Like the British program, the American one has already become the subject of criticism from both human rights activists and official law enforcement agencies. thus, their representatives note, the principle of de facto sponsorship can contribute to illegal migration. For example, a low-income Ukrainian family negotiates with wealthier neighbors to sponsor their relative. When a refugee enters American territory, he settles in the house of his relatives, fictitious sponsors receive some kind of one-time “thank you”, and then the migrant gradually changes his status of stay in the country on a related basis. Such schemes and the like have been taken into account by law enforcement officers, but a mechanism to combat them has not yet been developed. How many people entered the United States under the “Together for Ukraine” program has not yet been officially reported, and relatively little time has passed since the beginning of the action.
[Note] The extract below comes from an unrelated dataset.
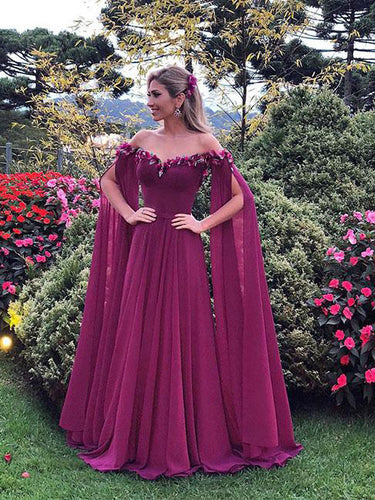Long Sleeve Prom Dresses A-line Chic Prom Dress Long Evening Dress JKL1035|Annapromdress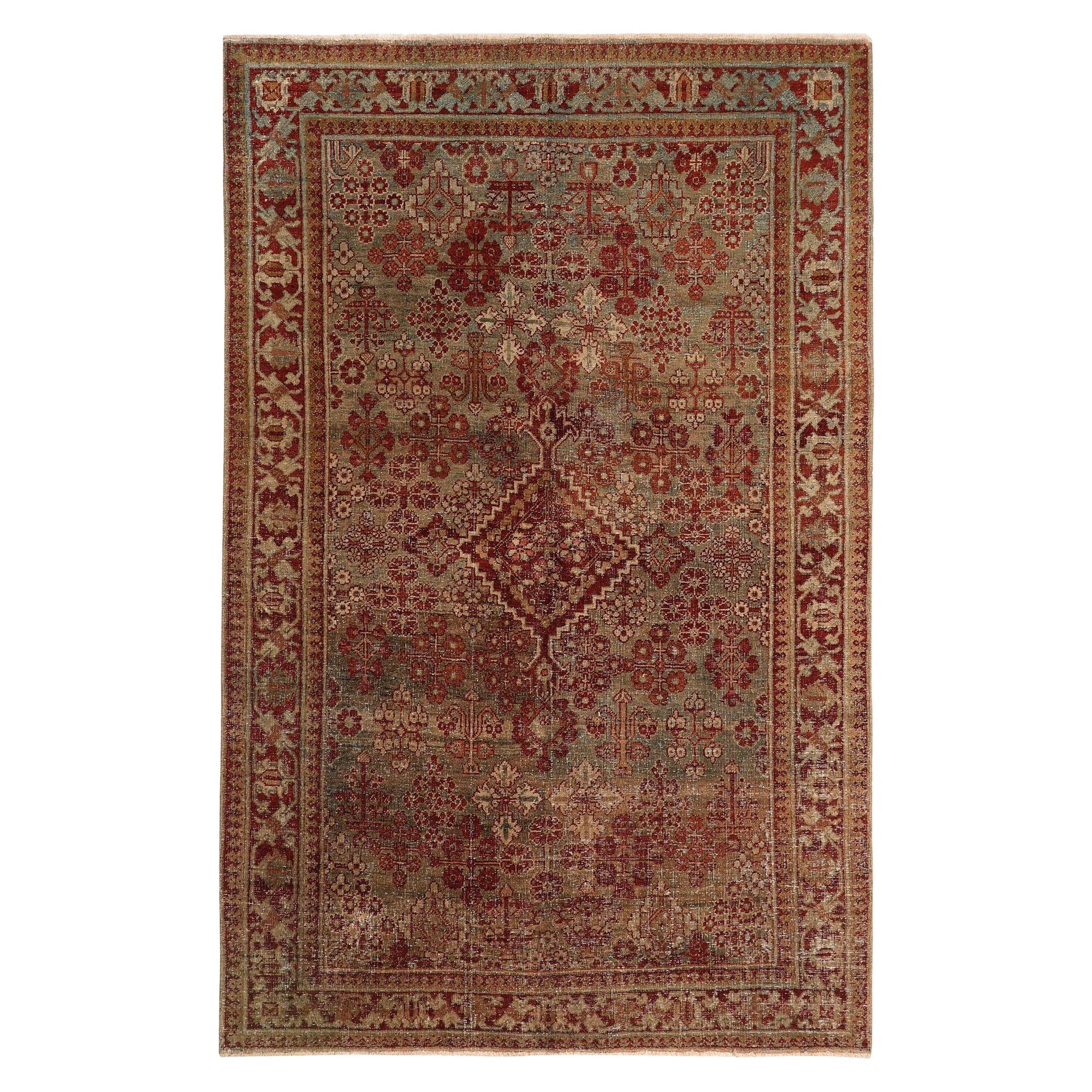 Persischer Joshagan Kleiner Teppich - Wolle Grün Rot Design - 97712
In total, several thousand Ukrainians arrived on American territory during the Russian special operation, but the overwhelming majority are based on previously received documents. It is significant that less than a thousand Ukrainians have received refugee status in the United States since last fall. In the spring of 2022, there were only a few dozen of them. And this continues to fuel reasonable speculation that Washington is not eager to take in settlers, gently trying to leave them to Europe or Canada.